Oct. 7 (Bloomberg) -- Vaccine prepared for the 2008-2009 flu season may provide some protection against the pandemic H1N1 virus and help fend off the most severe forms of the disease, research published in the British Medical Journal found.

Of the 179 unvaccinated people in the Mexican study, 29 percent became infected with pandemic H1N1 virus, compared with just 13 percent of vaccinated patients. None of the swine flu patients who received the shot died, compared with 30 percent of those who were unvaccinated, the researchers found.

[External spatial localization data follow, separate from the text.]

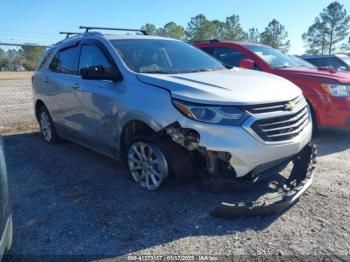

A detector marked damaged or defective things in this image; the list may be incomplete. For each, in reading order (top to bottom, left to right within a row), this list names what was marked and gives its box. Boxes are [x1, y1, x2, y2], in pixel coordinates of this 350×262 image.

dented hood [136, 68, 300, 105]
front end damage [163, 122, 316, 219]
damaged front bumper [211, 144, 318, 218]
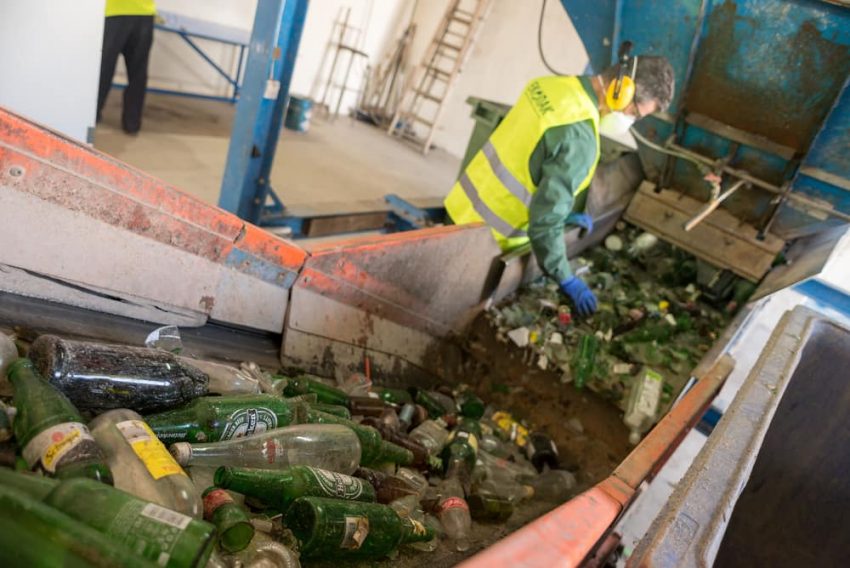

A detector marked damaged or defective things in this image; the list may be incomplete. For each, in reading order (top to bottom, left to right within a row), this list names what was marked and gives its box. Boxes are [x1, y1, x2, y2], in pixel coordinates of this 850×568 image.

rusty metal surface [628, 308, 836, 564]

Vaccines prepared for the seasonal flu include an H1N1 strain. The shot may provide some protection against swine flu because people who have been previously exposed to a similar virus have a heightened antibody response, said researchers led by Jose Luis Valdespino at the Laboratorios de Biologicos y Reactivos de Mexico. The study was limited by the number of patients and more research is needed, they said.

“The results are to be considered cautiously and in no way indicate that seasonal vaccine should replace vaccination against pandemic influenza A/H1N1 2009,” Valdespino said in the study.

A study published in the journal Eurosurveillance in August looked at patients who tested positive for swine flu and their vaccination history and found no evidence of “significant protection” from the seasonal shot in any age group.

Valdespino’s team studied 60 patients diagnosed with swine flu and 180 uninfected people. They found that those without the disease were significantly more likely to have been vaccinated.

‘Restricted Protection’

There may be some biases with the study because it was retrospective and involved only 240 people, said Menno de Jong, head of microbiology at the University of Amsterdam’s Academic Medical Center, who wrote an accompanying editorial on pandemic vaccination.

“It suggests that if you were vaccinated, it might mitigate the disease” by boosting the immune response, de Jong said in a telephone interview. “It’s a restricted level of protection, though, and highlights the need for a specific vaccine against the novel H1N1 virus.”

Companies including Novartis AG and Sanofi-Aventis SA have produced flu vaccine to specifically target the new H1N1 strain.

H1N1 has infected at least 340,000 people and killed at least 4,100 globally as of Sept. 27, the World Health Organization said last week. The figures are based on laboratory-confirmed cases reported to the Geneva-based United Nations agency.

The researchers received funding from the Mexican Ministry of Health.